Christians would be wise to first consider good aspects of deconstruction. If faith deconstruction means taking our traditions, presuppositions, and presumptions to the scrutiny and authority of Scripture, then Christians should celebrate this process. Paul calls Christians in 2 Corinthians 13:5 to “test yourselves to see if you are in the faith; examine yourselves!” The Christian life ought to be one of self-examination against the perfect standard of Scripture.
However, if deconstruction means rejecting and renouncing the Christian faith, then we should respond more thoughtfully. The popularity of diminishing and rejecting Christianity ought to lead Christians to consider why this is happening and what ought to be our biblical response. Though reductionistic, we should consider three reasons and responses to faith deconstruction.
1. Deconstruction reveals false faith.
In some situations, deconstruction reveals the lack of genuine faith. For some who deconstruct, the overwhelming evidence is that they never truly knew Christ. Jesus talked about this propensity in the parable of the different soils in Matthew 13. While the first and last soils were readily discernible, the middle two were not. The rocky and thorny soils represent hearts that initially responded positively to the Gospel, yet eventually left the faith. John describes this phenomenon as, “they went out from us, but they were not really of us,” (1 John 2:19). Emotional responses to the gospel early in life do not guarantee genuine faith later in life. Faith deconstruction proves false faith exists.
2. Deconstruction reacts to failure.
Perhaps the most repeated reasoning for deconstruction is church failure. While the church has been called to be the holy bride of Christ, churches often fall short. When sin is tolerated and permitted within God’s people to any degree, Christ is reproached, and people’s faith is hindered. Public moral failures, hypocrisy in leadership, and double standards in the church all can lead to deconstruction. Christians are to “take no part in the unfruitful works of darkness, but instead expose them,” (Ephesians 5:11). We are to rebuke and restore anyone entangled in sin (Galatians 6:1-2). Furthermore, biblically deficient teaching produces people ill equipped for the difficult moral and ethical problems of life. When churches fail to teach the whole counsel of God’s Word and neglect to apply clear commands, we should not be surprised when people walk away from the blatant deficiency and hypocrisy.

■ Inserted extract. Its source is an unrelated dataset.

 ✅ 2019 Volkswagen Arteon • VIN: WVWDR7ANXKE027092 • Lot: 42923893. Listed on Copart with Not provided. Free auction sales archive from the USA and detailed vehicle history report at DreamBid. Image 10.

3. Deconstruction can lead to restoration.
Though deconstruction can lead to the loss of faith, God can also use it for beautiful, biblical restoration. Deconstruction is not always a death sentence for faith but can be an opportunity to see the true Jesus. Even after seasons of painful sin, the psalmist could still confidently cry, “restore to me the joy of your salvation, and uphold me with a willing spirit,” (Psalm 51:12). Though the reasons for deconstruction are myriad, the answer is always the same—Jesus. Instead of looking to fallen humans, the one deconstructing must look to a perfect Savior. Instead of platforming a dynamic leader, churches should hold Christ as the standard. Yes, the road of deconstruction is hard, but in the end, Jesus is more than enough.